While Trump’s campaign is visually less slick, Design Bridge designer, Maris Hargerty said in this article that his voters would resonate with it because “They don’t want a president who follows any rules – of design or of politics.”

Trump’s campaign focuses on him alone and the imagery is about power and authority – both attributes that are likely to appeal to his core target base, who are disillusioned with career politicians.

Trump’s campaign imagery focuses only on him

Everything about Biden’s campaign – from the images to the slogan – has been about doing things together and collaboration. Kamala Harris is shown as a prominent part of the campaign. Biden’s campaign imagery, across channels, shows everyday Americans of various shades rather than focusing on one person who can fix everything.

Both campaigns play to their audiences and act as good studies in contrast, of how imagery can bolster a key product message.
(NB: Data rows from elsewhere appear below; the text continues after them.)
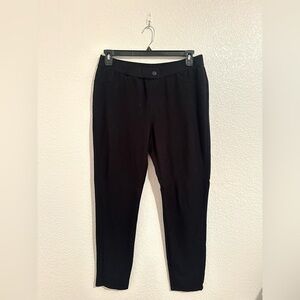 Great Northwest Indigo Pants Women’s L Black Cropped Tapered Leg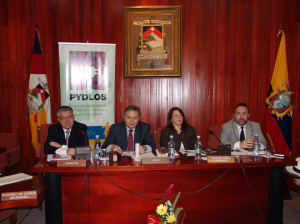 Firma de un convenio interuniversitario entre la Universidad de Huelva y la ecuatoriana de Cuenca.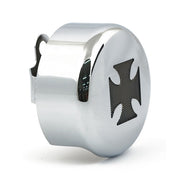 MCS C-Round, Horn Cover. Maltese Cross – 1993–2025 H-D with Side Mounted Horn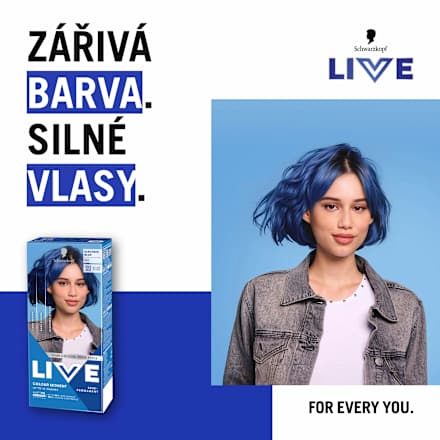 LIVE barva na vlasy Electric Blue 095 Schwarzkopf LIVE
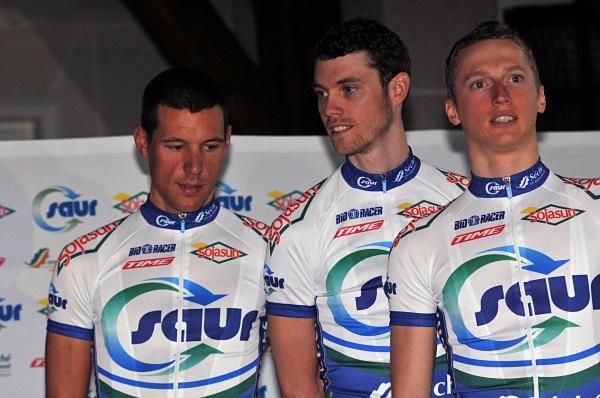 St&eacute;phane Poulhi&egrave;s, Yannick Talabardon and Guillaume Levarlet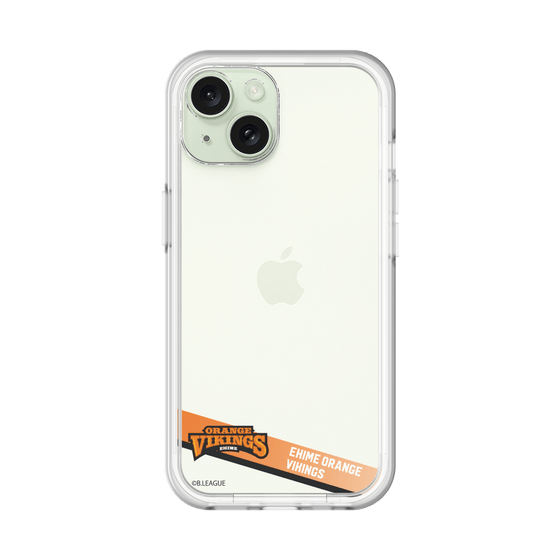 スリムプロテクションプレミアムケース［ B.LEAGUE - 愛媛オレンジバイキングス - ラインデザイン ］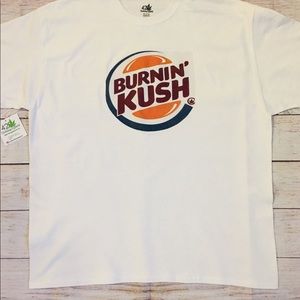 Burning Kush White T-SHIRT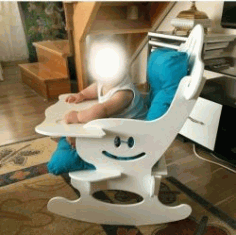 Baby Feeding Chair For Laser Cut Cnc Free DXF File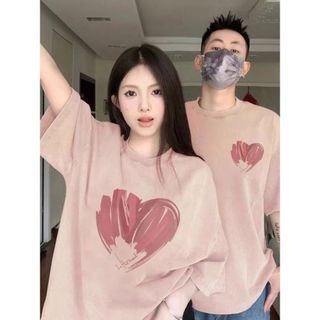 Áo thun Cotton cỡ lớn 4XL Oversize nữ Baggy dáng rộng Top nữ độc đáo Ootd 2025 Lives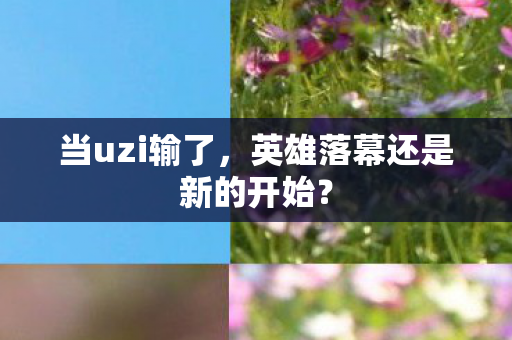 当uzi输了,英雄落幕还是新的开始? 当uzi输了,英雄落幕还是新的开始?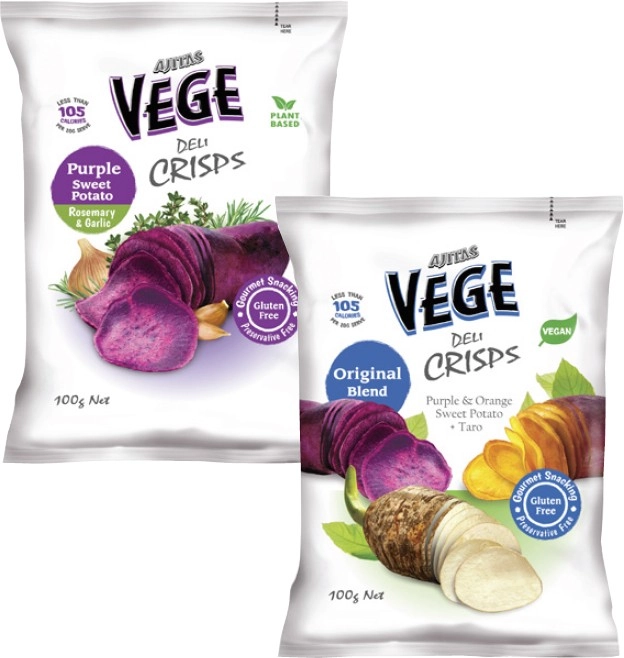 Vege Chips Deli Crisps 100g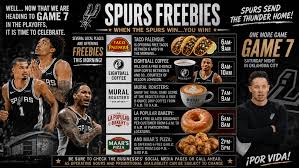 Spurs Game 7 win means free tacos, coffee and doughnuts in San Antonio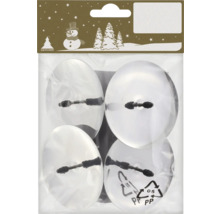 Balenie čajových sviečok so symbolom recyklácie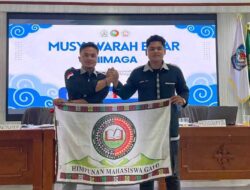 Rizkan Nahkodai HIMAGA di Mubes X, Siap Jaga Marwah dan Bawa Organisasi Lebih Progresif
Biden’s campaign imagery stresses collaboration
Biden’s imagery emphasises togetherness and inclusivity

3. Enable Fandom

Trump’s campaign has demonstrated a singular focus on developing and making it easy to buy merchandise. The ‘Make America Great Again’ (MAGA) hat, once just a prop for Trump, resonated massively with his core base. No other presidential candidate has ever worn a cap and this just added to Trump’s anti-establishment image. It was eventually launched for public purchase in 2016. Today, the hat with has become a universally recognised symbol of what Trump and Trumpism stands for. The subsequent ‘Keep America Great’ merchandise in 2020 has been equally successful.

The MAGA hat will go down as one of the most successful components of a presidential campaign
Trump continued to sell merchandise through the lockdown

Unlike Biden’s site that offers a quiet ‘Shop’ link in the main menu, the Trump site has a prominent Shop section to encourage visitors to buy merchandise.

Trump’s campaign site has a prominent Shop section

The same philosophy is evident in their Facebook pages. Biden has a standard “Sign Up’ link, while Trump’s CTA is ‘Shop Now.’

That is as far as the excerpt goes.